Scraped caption text data
____________________
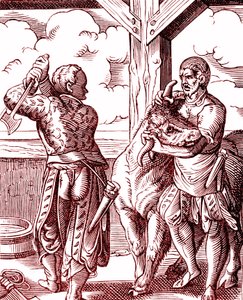 Un boucher - Nourriture et cuisine au Moyen Âge. Gravure de Jost Amman (1539-1591). Gravure de 1878 - Jost (after) Amman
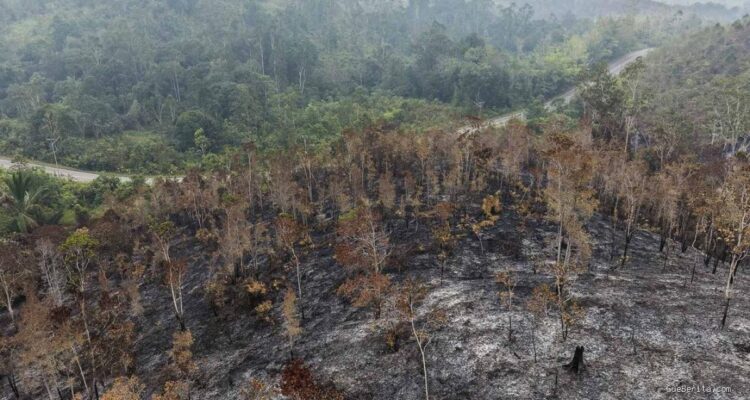 Helikopter Jepang Dikerahkan Percepat Pemadaman Karhutla Kalbar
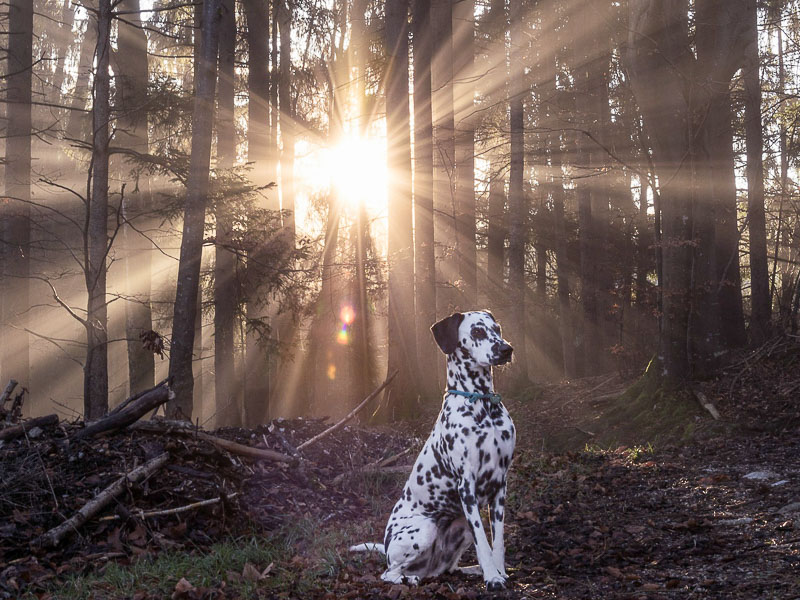 dalmatiner bilder hund - hunde123.de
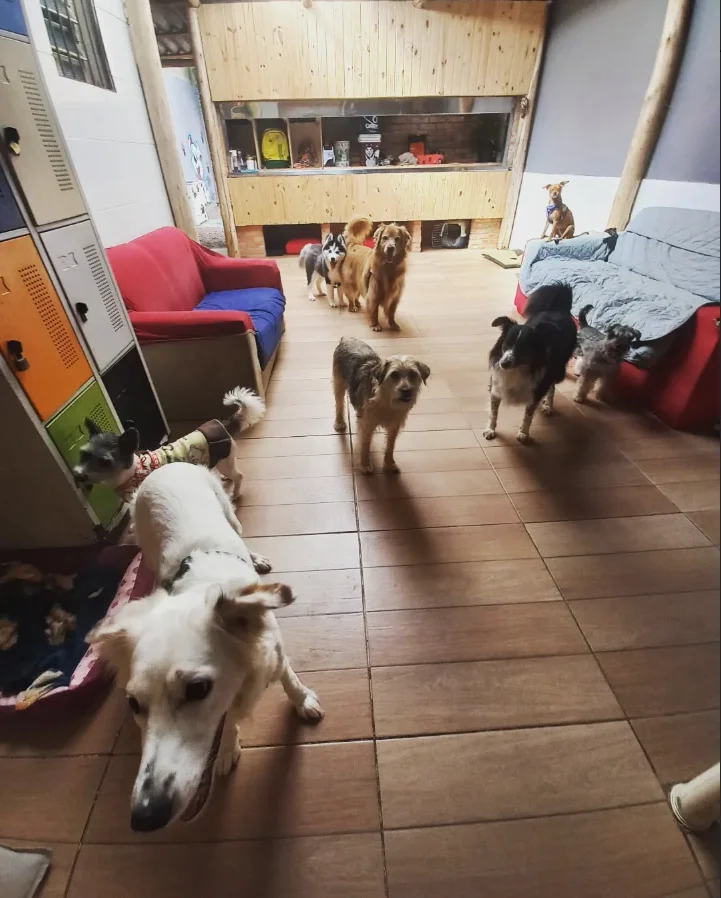 Dani Dogs - Hotel para cachorro - 2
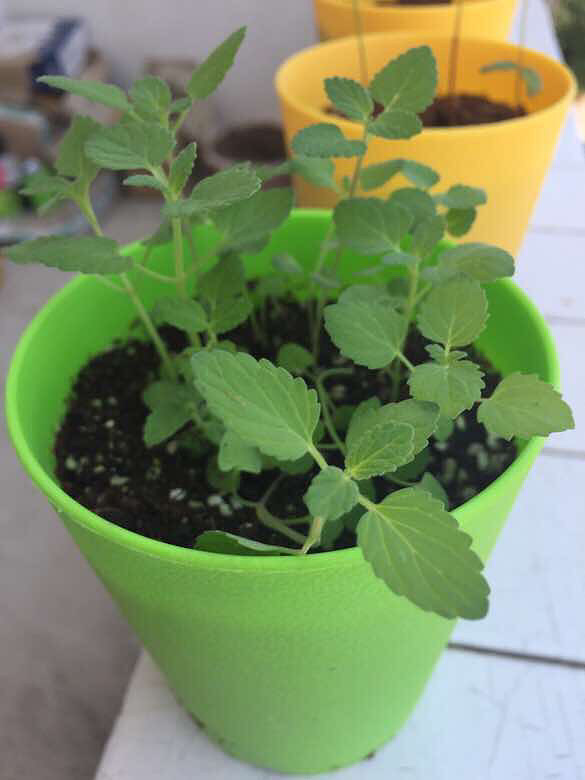 �������Ǻǲ�����ǿ�������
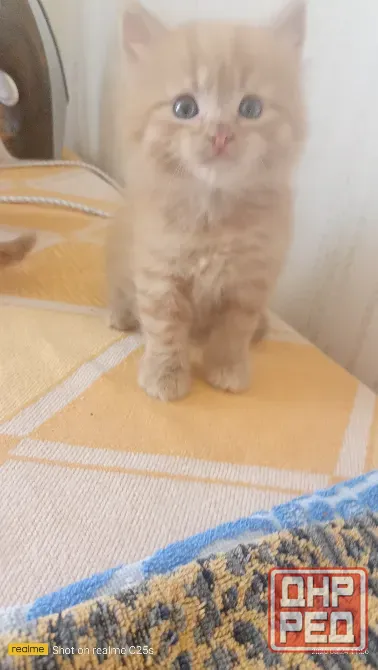 Котята бесплатно Горловка - изображение 3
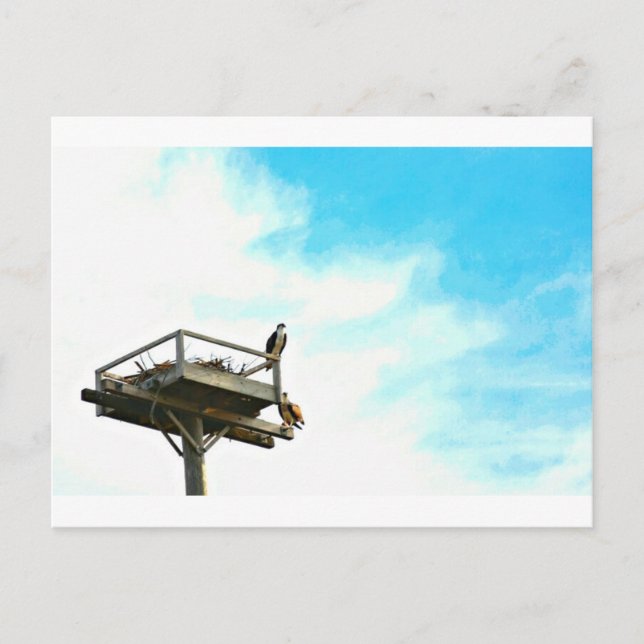 Postal Osprey Nest (Anverso)
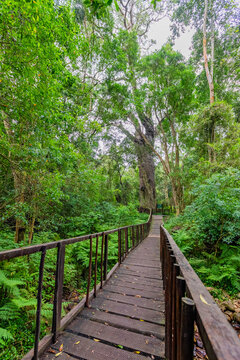 800 year old Woodville Big Tree, Outeniqua forest, South Africa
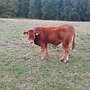 Limousin Absetzer - Bild 2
____________________
■ PROBLEM DETAILS ■
Text only, no pictures: copy every entry exactly.

■ RESPONSE ■
 Un boucher - Nourriture et cuisine au Moyen Âge. Gravure de Jost Amman (1539-1591). Gravure de 1878 - Jost (after) Amman
 Helikopter Jepang Dikerahkan Percepat Pemadaman Karhutla Kalbar
 dalmatiner bilder hund - hunde123.de
 Dani Dogs - Hotel para cachorro - 2
 �������Ǻǲ�����ǿ�������
 Котята бесплатно Горловка - изображение 3
 Postal Osprey Nest (Anverso)
 800 year old Woodville Big Tree, Outeniqua forest, South Africa
 Limousin Absetzer - Bild 2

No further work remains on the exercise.